Exercise input:
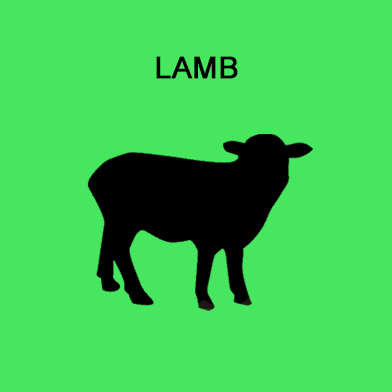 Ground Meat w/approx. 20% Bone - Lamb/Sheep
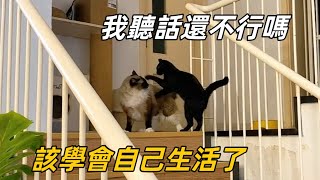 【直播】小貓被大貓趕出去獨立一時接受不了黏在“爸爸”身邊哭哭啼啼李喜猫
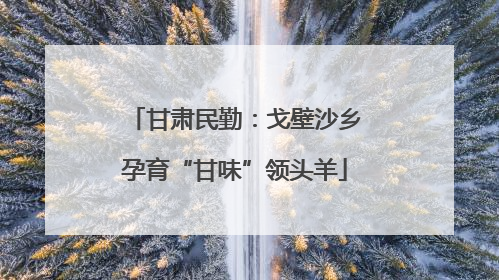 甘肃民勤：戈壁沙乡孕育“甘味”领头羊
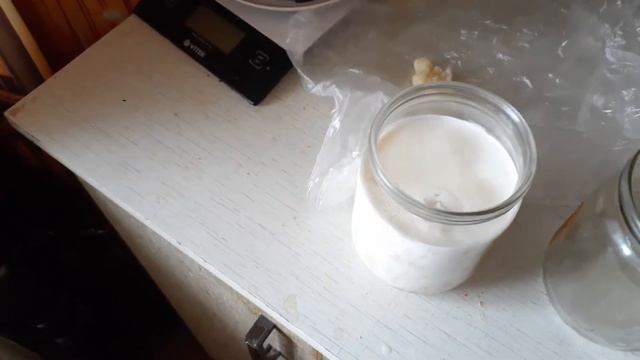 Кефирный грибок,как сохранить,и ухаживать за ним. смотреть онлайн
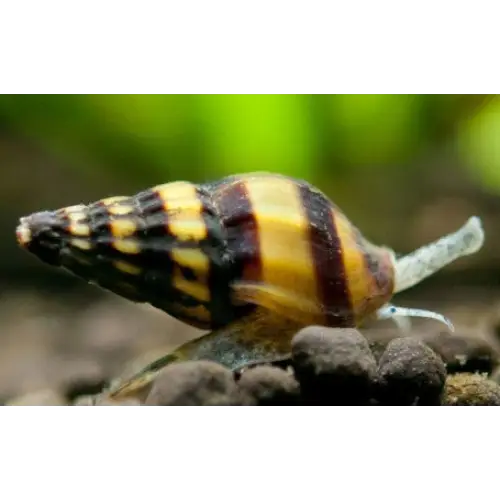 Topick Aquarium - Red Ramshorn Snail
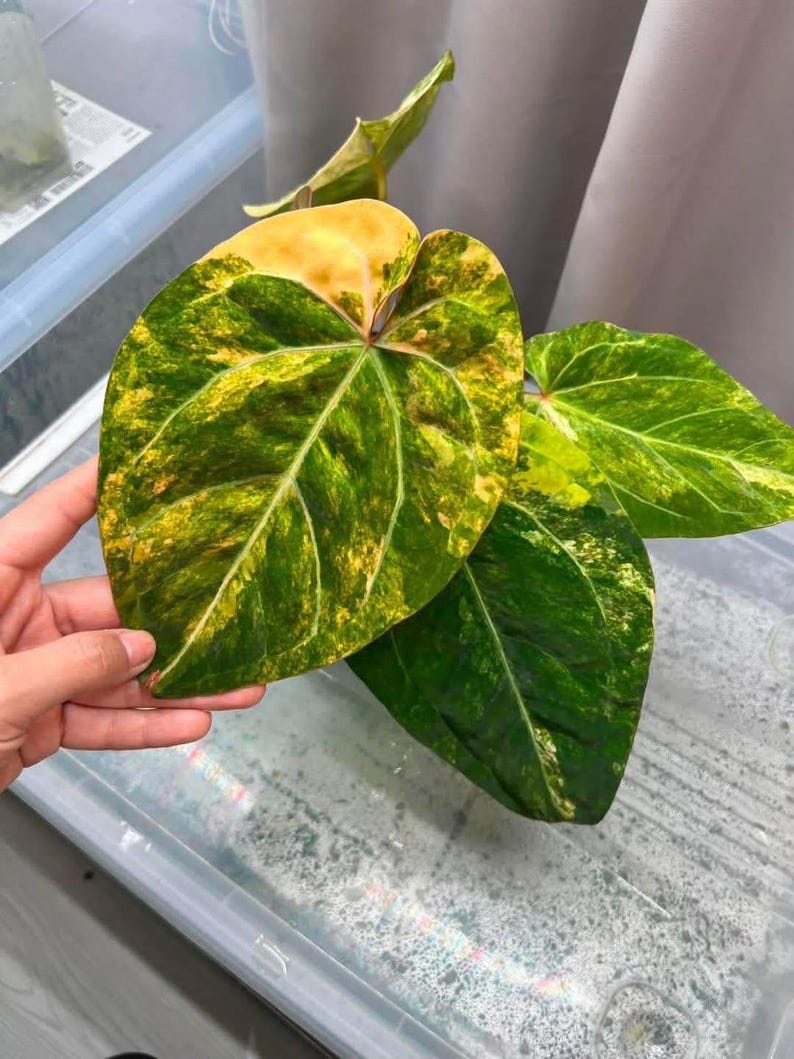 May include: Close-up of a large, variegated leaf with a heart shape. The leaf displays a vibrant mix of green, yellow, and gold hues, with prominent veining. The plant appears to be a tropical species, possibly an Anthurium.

Work order:
Give each record above back word for word, but carry over none of the pictures.

Reply to the exercise:
 Ground Meat w/approx. 20% Bone - Lamb/Sheep
 【直播】小貓被大貓趕出去獨立一時接受不了黏在“爸爸”身邊哭哭啼啼李喜猫
 甘肃民勤：戈壁沙乡孕育“甘味”领头羊
 Кефирный грибок,как сохранить,и ухаживать за ним. смотреть онлайн
 Topick Aquarium - Red Ramshorn Snail
 May include: Close-up of a large, variegated leaf with a heart shape. The leaf displays a vibrant mix of green, yellow, and gold hues, with prominent veining. The plant appears to be a tropical species, possibly an Anthurium.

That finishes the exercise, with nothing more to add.